PROBLEM -
Set down each line from the line holding "New 2026 Jeep" to the last line of the entries below, exactly, with both ends included and without pictures.

GIVEN RECORDS -
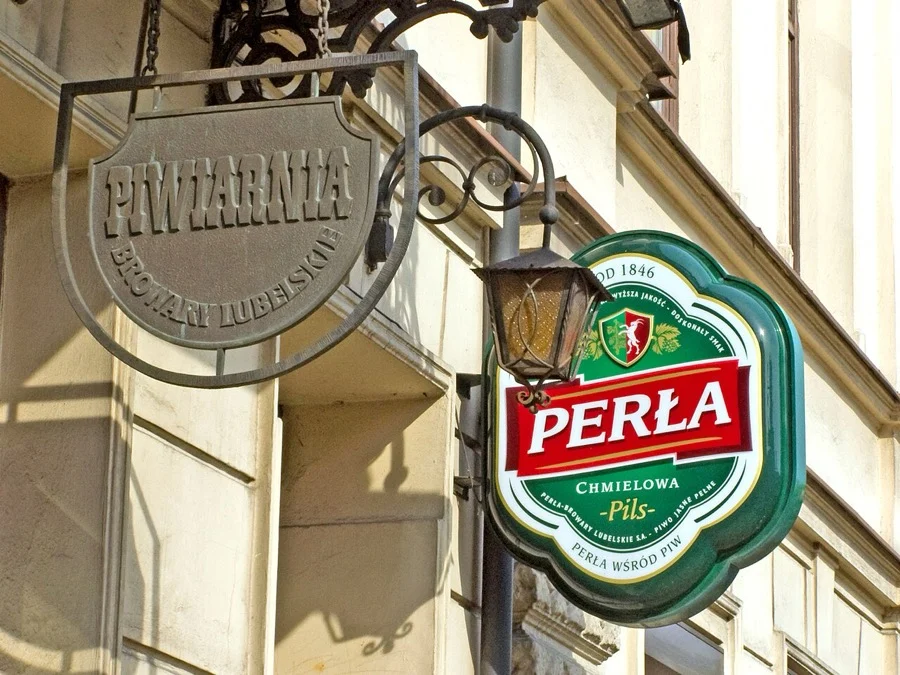 Photo de la bière Perła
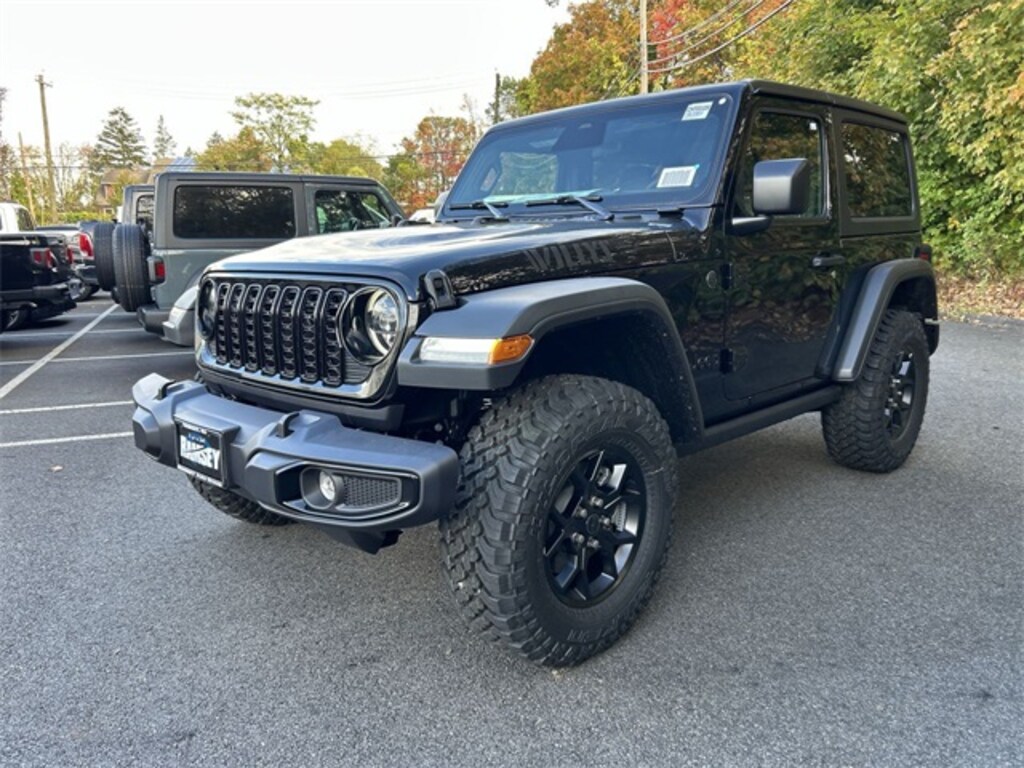 New 2026 Jeep Wrangler 2-DOOR WILLYS Sport Utility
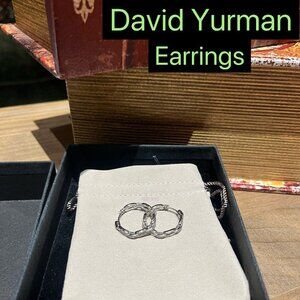 D̲a̲v̲i̲d̲ ̲Y̲u̲r̲m̲a̲n̲ Silver Earrings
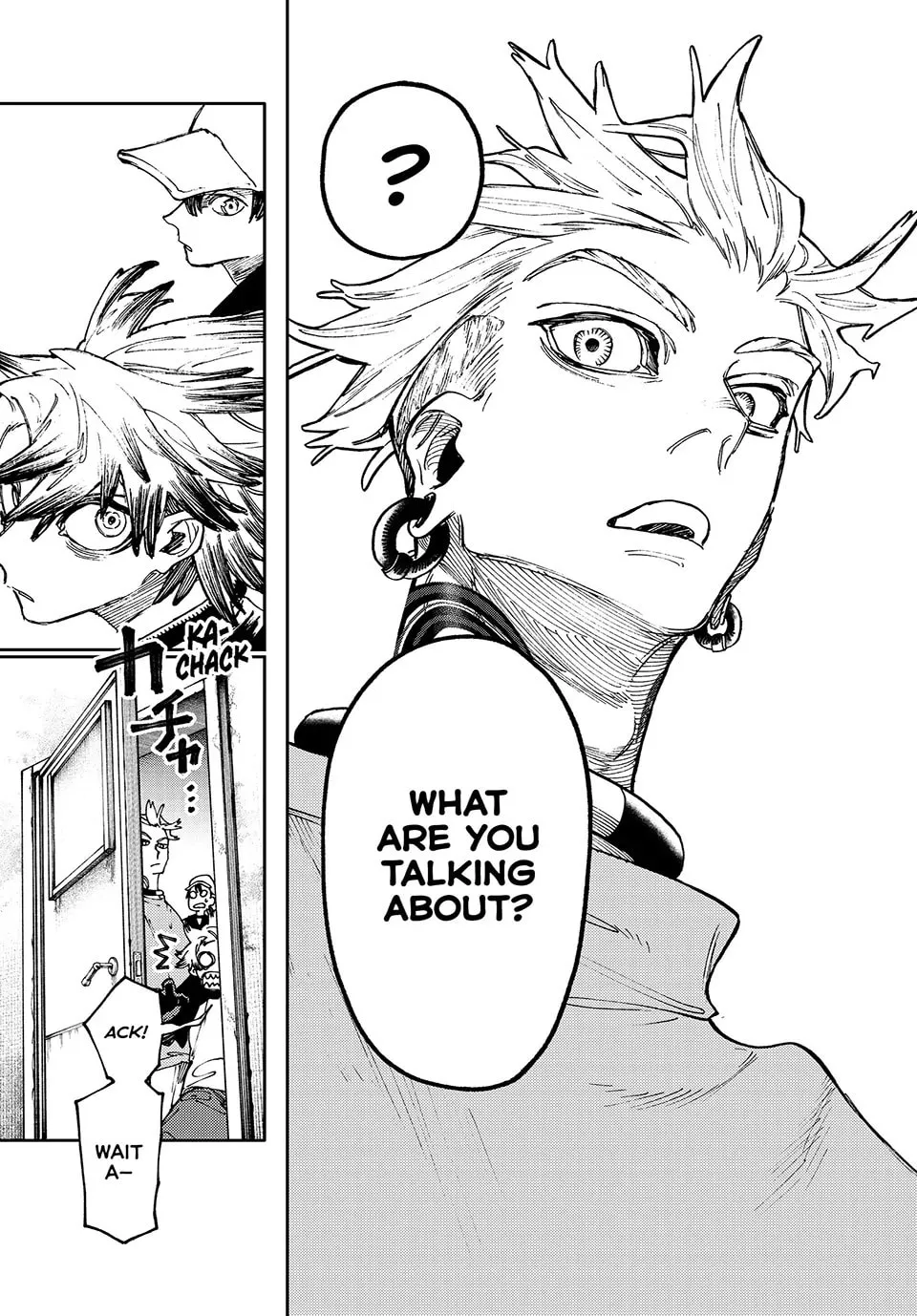 Gachiakuta Chapter 82 page 13 - 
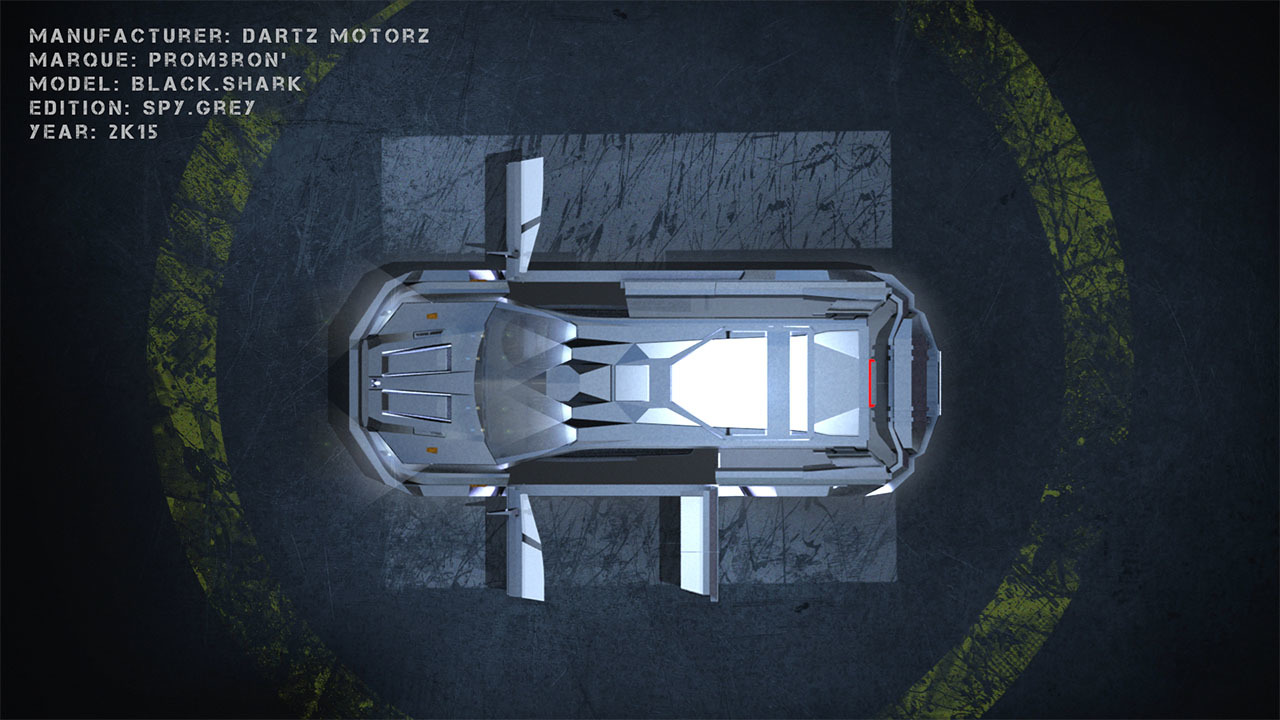 Dartz Prombron Black Shark (2014) - Teaser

WRITTEN ANSWER -
 New 2026 Jeep Wrangler 2-DOOR WILLYS Sport Utility
 D̲a̲v̲i̲d̲ ̲Y̲u̲r̲m̲a̲n̲ Silver Earrings
 Gachiakuta Chapter 82 page 13 - 
 Dartz Prombron Black Shark (2014) - Teaser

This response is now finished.